Roland fit signe à l’un de ses chevaliers de le raccompagner.
Lorsque Petrov quitta la salle d’audience, il avait matière à réfléchir. L’ex Ambassadeur récupéra la Pierre du Châtiment Divin que Carter lui avait confisquée. Il s’agissait bien de la sienne : bleue et brillante. De son avis, elle valait bien plus que cinquante Royals d’or.
– « Qu’en dites-vous ? » demanda Roland en se tournant vers Rossignol qui se tenait non loin de lui.
– « Oh, globalement, il a dit la vérité », dit-elle en haussant les épaules. Cet homme s’est montré beaucoup plus sincère que les nombreux Messieurs et Dames avec lesquelles vous vous êtes entretenu jusqu’ici. Cela dit, pensez-vous que ce soit une bonne chose que de raconter à tous la même histoire ? De plus, vous leur montrez ces lettres qui sont confidentielles. »

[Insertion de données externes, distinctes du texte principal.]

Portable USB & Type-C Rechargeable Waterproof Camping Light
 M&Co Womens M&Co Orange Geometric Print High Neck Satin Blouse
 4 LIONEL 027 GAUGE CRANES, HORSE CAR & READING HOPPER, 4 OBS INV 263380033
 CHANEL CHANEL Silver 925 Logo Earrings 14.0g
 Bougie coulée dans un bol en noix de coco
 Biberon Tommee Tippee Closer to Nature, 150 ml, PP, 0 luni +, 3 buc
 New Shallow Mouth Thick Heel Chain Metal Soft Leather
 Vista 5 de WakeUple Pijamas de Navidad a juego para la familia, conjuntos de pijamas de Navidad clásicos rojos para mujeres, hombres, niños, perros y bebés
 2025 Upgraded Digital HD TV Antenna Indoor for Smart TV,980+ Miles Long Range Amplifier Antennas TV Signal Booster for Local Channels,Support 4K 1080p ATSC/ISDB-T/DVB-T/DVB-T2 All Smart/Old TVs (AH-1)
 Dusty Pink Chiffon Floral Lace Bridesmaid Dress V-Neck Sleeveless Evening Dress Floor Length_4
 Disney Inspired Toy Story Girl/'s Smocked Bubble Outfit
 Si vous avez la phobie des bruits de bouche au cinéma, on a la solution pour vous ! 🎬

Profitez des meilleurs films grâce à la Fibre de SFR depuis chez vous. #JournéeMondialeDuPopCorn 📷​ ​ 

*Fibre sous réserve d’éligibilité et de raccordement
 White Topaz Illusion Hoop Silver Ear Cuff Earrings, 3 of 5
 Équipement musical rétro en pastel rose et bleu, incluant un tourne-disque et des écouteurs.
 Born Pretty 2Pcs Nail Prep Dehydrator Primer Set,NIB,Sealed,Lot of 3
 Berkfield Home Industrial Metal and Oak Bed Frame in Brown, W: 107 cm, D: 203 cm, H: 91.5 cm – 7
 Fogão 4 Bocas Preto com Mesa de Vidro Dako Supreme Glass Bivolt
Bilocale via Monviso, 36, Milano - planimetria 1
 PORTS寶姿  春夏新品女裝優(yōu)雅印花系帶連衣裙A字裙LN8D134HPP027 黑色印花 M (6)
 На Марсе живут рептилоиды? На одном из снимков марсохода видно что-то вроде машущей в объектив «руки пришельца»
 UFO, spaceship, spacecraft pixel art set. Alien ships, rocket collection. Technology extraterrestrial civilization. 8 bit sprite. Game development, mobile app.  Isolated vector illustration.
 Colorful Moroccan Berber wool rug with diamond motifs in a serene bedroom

– « Pas à tout le monde », répondit le Prince en regardant la liste qu’il tenait à la main. « Tous ceux à qui je les ai montrées étaient issus des cinq familles nobles. Ce sont les seules personnes capables de gérer la Forteresse de Longsong à ma place. S’ils n’étaient pas suffisamment puissants, je pourrais toujours leur confier ce poste, ceux-ci ne seraient pas en mesure de gouverner cette Forteresse. Il y aurait beaucoup trop de luttes intestines. Quant au fait que Timothy Wimbledon ait été vaincu à Eagle City, à vrai dire, ce n’est pas vraiment un secret. Tôt ou tard, les nouvelles se répandront dans tout le Royaume de Graycastle. Je trouve préférable que la population l’apprenne au plus vite.
« Ceci dit, c’est une excellente nouvelle pour moi » pensait-il. « Si le 2e Prince n’avait pas été vaincu, je crois bien que j’aurais été contraint de passer un temps fou à essayer de le contenir. Et s’il avait tenté de faire usage de la force, le résultat n’aurait certainement pas été mirobolant. »
– « Alors… Vous comptez le choisir ? »
– « Sauf imprévu », répondit Roland avec un sourire. « Cet homme a été le premier à prendre l’initiative de se proposer. L’aptitude à prendre des décisions a toujours été une des qualités primordiales pour un employé. De plus, je n’aurais jamais pensé qu’un membre parmi ces cinq familles soit si bien versé dans le domaine de l’administration et du commerce. Je pensais qu’ils ne savaient rien faire d’autre que monter à cheval et tuer. »
Sur la liste, le Prince entoura calmement le nom de Hull d’un cercle rouge.